In the entries that follow, find the line containing "Equator 24quot Dishwasher" and the line containing "Dead When I", then copy exactly everything from the first through the second except the pictures.

START Records

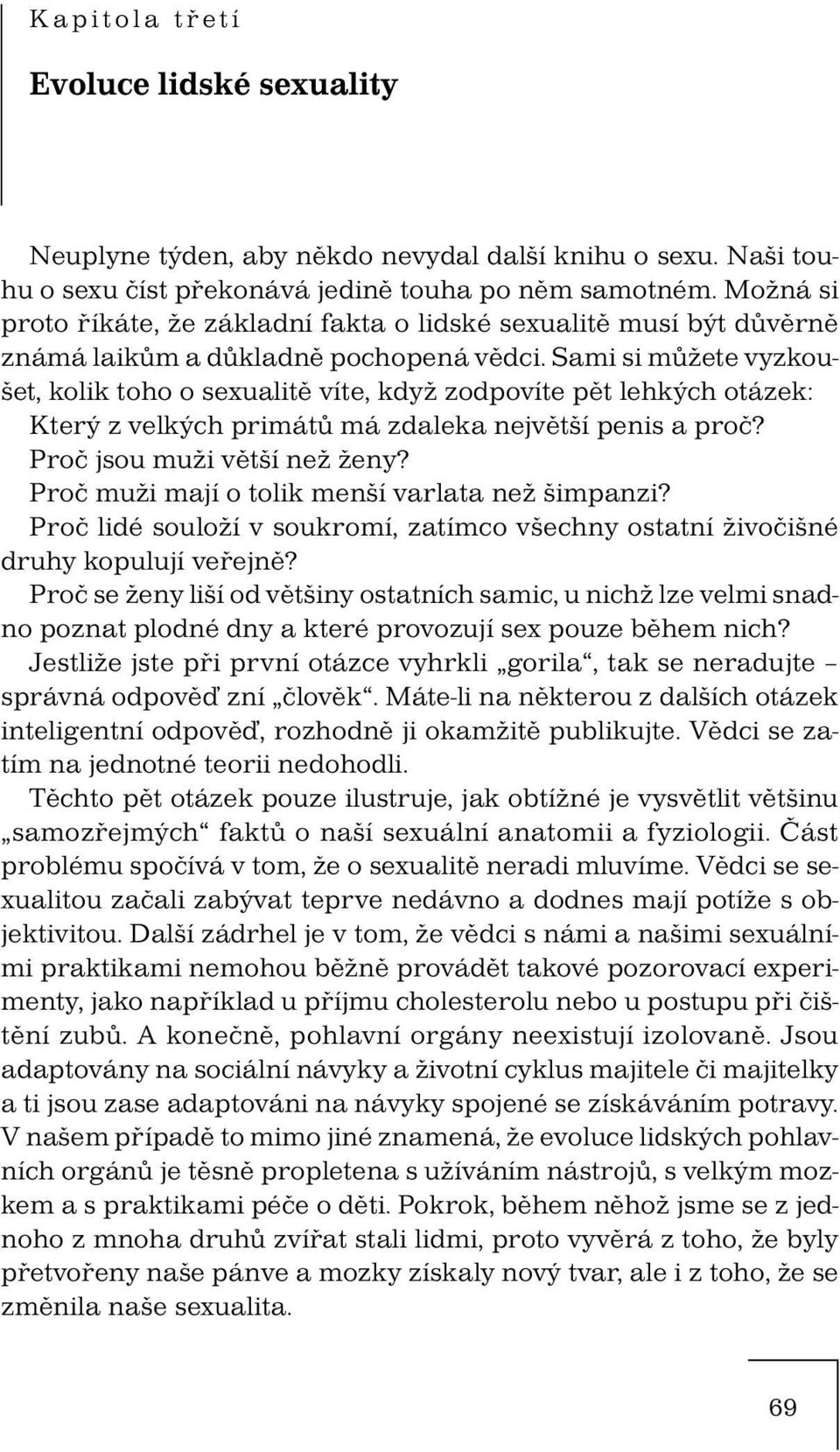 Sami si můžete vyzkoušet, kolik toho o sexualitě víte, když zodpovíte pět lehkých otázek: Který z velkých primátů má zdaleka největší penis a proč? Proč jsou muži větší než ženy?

END Records
START Records

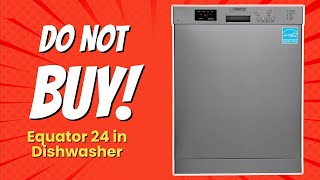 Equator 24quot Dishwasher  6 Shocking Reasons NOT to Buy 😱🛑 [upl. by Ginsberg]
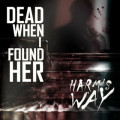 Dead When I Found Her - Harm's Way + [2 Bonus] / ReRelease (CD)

END Records

» Response for this exercise
 Equator 24quot Dishwasher  6 Shocking Reasons NOT to Buy 😱🛑 [upl. by Ginsberg]
 Dead When I Found Her - Harm's Way + [2 Bonus] / ReRelease (CD)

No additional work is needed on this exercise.